# Annoying Crickets!



## kitschyduck (May 30, 2010)

I can't stand the repetitive sounds that male crickets make. Last time I got them, it was a hot night and the sound they made from the pet room was continuous all night long. I had to find the last male and release it out the window at 3am in the end! 

I thought it was a nice 'rainforest-y sound' at first, but now I don't think I could buy them again and I feed my frog cockroaches from my own colony instead.

Now, this probably doesn't exist, but it there a way to keep them quiet? I don't expect the reptile shop owner to separate all the males out of the tubs for me :/ Just thinking about getting a gecko or something else one day that live on a lot of crickets....


----------



## Spider Call (Mar 23, 2007)

This is going to sound really harsh, but if you scare them they usually shut up for about half an hour giving you time to get to sleep. :blush:


----------



## Jessdragon (May 1, 2010)

I'm pretty new to this whole cricket thing.. I found when I turn on the lights they shut up. I guess that wont last for long.


----------



## Katkatkat (Mar 18, 2010)

I've never kept anything that eats crickets but I did come across this the other day. Don't know how much truth there is in the "silent" claim but might be worth a try?

"Silent" Brown Crickets - livefood


----------



## ephiedoodle (Oct 22, 2008)

i only buy the brown ones,they don't chirp,i found the black crickets
to be more vocal.


----------



## Spider Call (Mar 23, 2007)

Lol, the silent brown crickets are really noisy  I have two tubs at the moment and they are simply AWFUL!
I find the black ones to be quieter in general, have a louder chirp but do it less frequently.


----------



## SkinheadOi85 (Sep 28, 2008)

I find the blacks to be a right pain in the arse, vocal and smelly! 

In the past have had them chew thru the box they came in (big mistake i made bout 12 year ago leaving um in the original tub Lol)

I tend to get occasional box of Silent Browns and they are Silent never hear them at all....but prefer to feed locusts to my reps.


----------



## Jessdragon (May 1, 2010)

I might be wrong but I thought silent crickets were just immature and will make noises when they reach full adulthood. There are definitley some noisey ones in my tank of so called silent crickets.


----------



## alex_owen (Mar 31, 2010)

you are right jessdragon once the males reach maturity then they start chirping :devil:


----------



## perrythe1 (Oct 24, 2009)

crickets, i hate them! I switched to mealworms, peace and quiet


----------



## janeann10uk (May 27, 2009)

Silent crickets MY ARSE !!! They are the Devils spawn and are pure evil escapologists :devil:


----------



## JOJC13 (Mar 11, 2010)

My brown silent crickets are um..Silent  al i can hear is a slight scrabbling. 

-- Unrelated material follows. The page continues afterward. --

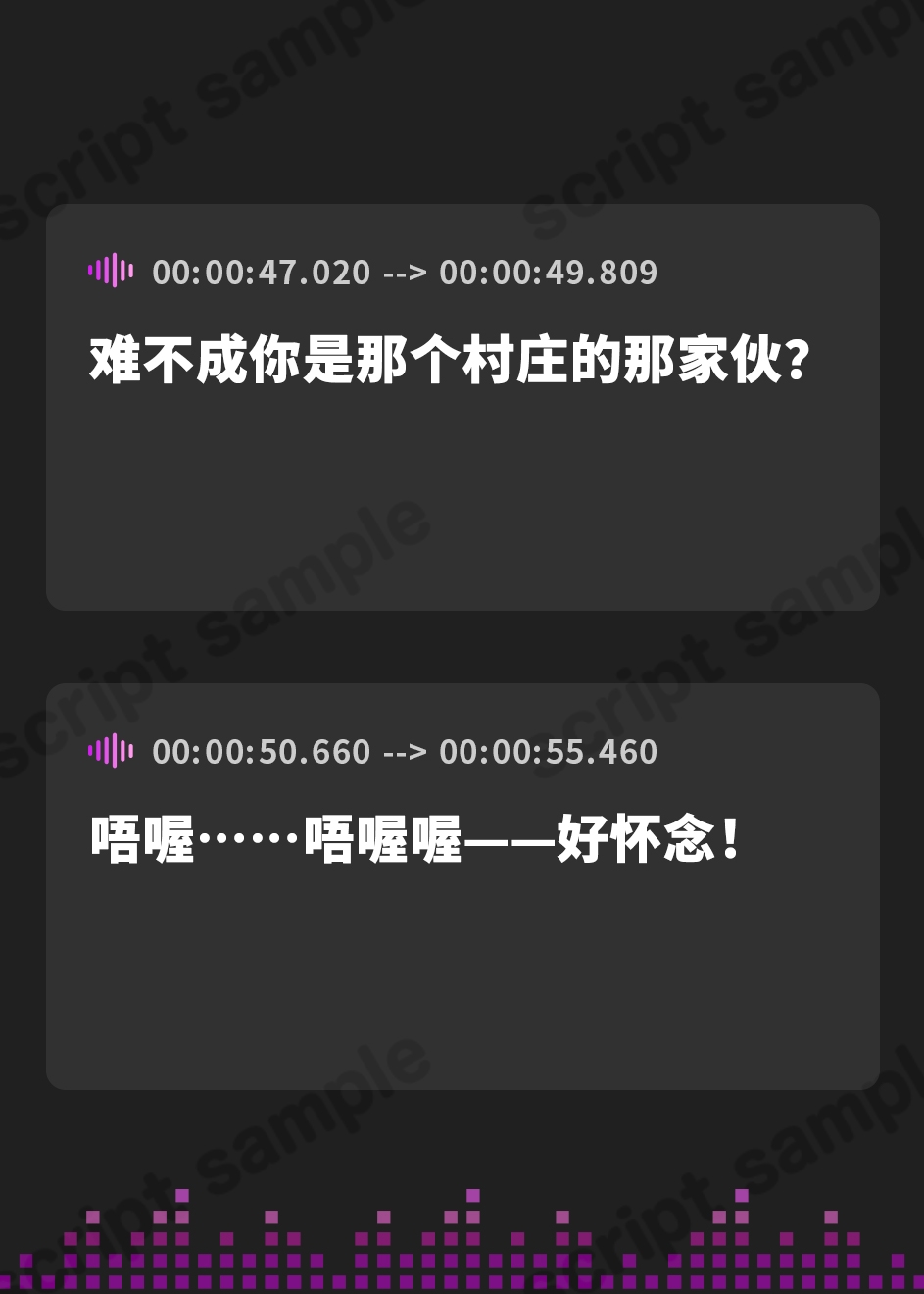 【簡体中文版】【のじゃろり耳かき】勇者よ、耳かきをしてやるからわしのものにならぬか?～のじゃろり狐魔王 凛音～【CV.門脇舞以】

My gecko wont eat mealworms, they scare him..


----------



## alspider (Jul 19, 2009)

im sticking to hoppers from now on, no noise ,easier to find and they look pretty


----------



## OddlyWeird (Mar 20, 2010)

the brown are diff to the black field criks, they will chirp but not as loud. but both will when they mature, aye.
if your adamant on using cricks; what i do is keep them all in a small "fish tank" from wilkos, about £3-£5, put the exo terra termite mound in there and some cork bark (the scarab beetles and lava that come in the tubs burrow into it and live there eating all the sheds) and the cricks love to hide there too..
I'll then look out for the males with working forewings, which if you wait for them to chirp their wings look quite different so are easy to spot. also the males lack the long ovipositor that sticks out the back end. then the part which you may think cruel... with a pair of nail clippers i clip their wings, i suppose its painless but haven't asked them how they feel about this. you have to clip them as far down as you can :S
also those wings have next to no nutritional value so i dont feel too evil:2thumb:

all that said i dont mind the sound most of the time, just get used to it if you try i suppose.. though im very dedicated to keeping the live food in very good nick. i feed a variety of foods and bug water gels.

Hope that may of been some help


----------



## Spider Call (Mar 23, 2007)

Oh, there is also another plus side to black crickets over brown >.<
When we had beardies we only used brown crickets, they thrive in the home once they escape. We had dozens of the things D: And they used to get up in to the strip lights then die in there. However, when we have blacks escape now they usually turn up where I have lost them, and don't seem to like the indoor area for living. 
If I loose them in my room thats where they stay. Browns usually turned up downstairs, all the way on the other side of the house in the kitchen.

And blacks don't jump as much <_<


----------



## ch4dg (Jul 24, 2008)

i put a thick towel over the rub i keep my crikets in and that drowns out the sound


----------



## SkinheadOi85 (Sep 28, 2008)

i put rum in there bug gel!


----------



## ch4dg (Jul 24, 2008)

SkinheadOi85 said:


> i put rum in there bug gel!


:lol2:morgans or pussers


----------



## Simon M (Oct 9, 2008)

Katkatkat said:


> I've never kept anything that eats crickets but I did come across this the other day. Don't know how much truth there is in the "silent" claim but might be worth a try?
> 
> "Silent" Brown Crickets - livefood




*Silent!* :lol2: 

We have reduced our crickets and have invested in Dubia Cockroaches - as they smell less and no noise.

But then again you do get used to crix - like being in an episode of Neighbours lol 

: victory:


----------